Brief —
Repeat the whole listing word for word, skipping pictures.

START Dataset section

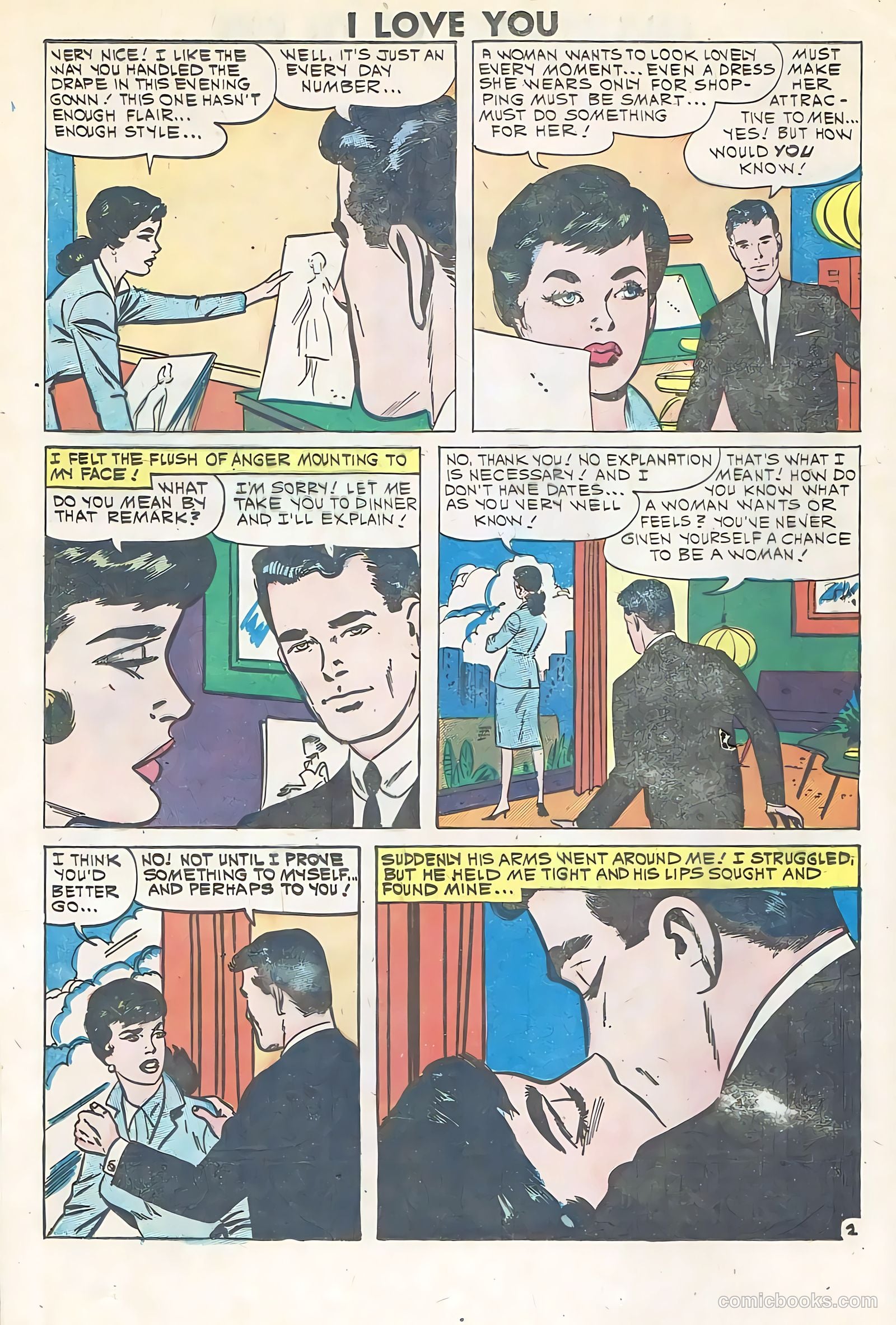 I Love You #31 (1960) — page 12 of 36
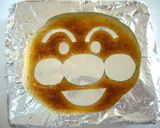 ☆アンパンマン☆トースト作り方4写真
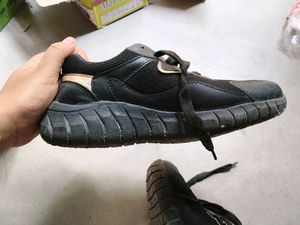 A Black Shoe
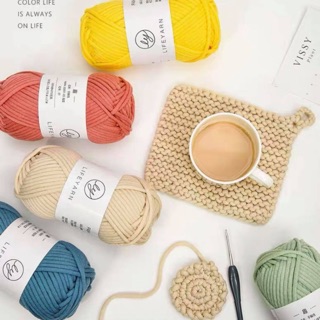 ไหมสปาเก็ตตี้ Life Yarn Spaghetti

END Dataset section

Your response —
 I Love You #31 (1960) — page 12 of 36
 ☆アンパンマン☆トースト作り方4写真
 A Black Shoe
 ไหมสปาเก็ตตี้ Life Yarn Spaghetti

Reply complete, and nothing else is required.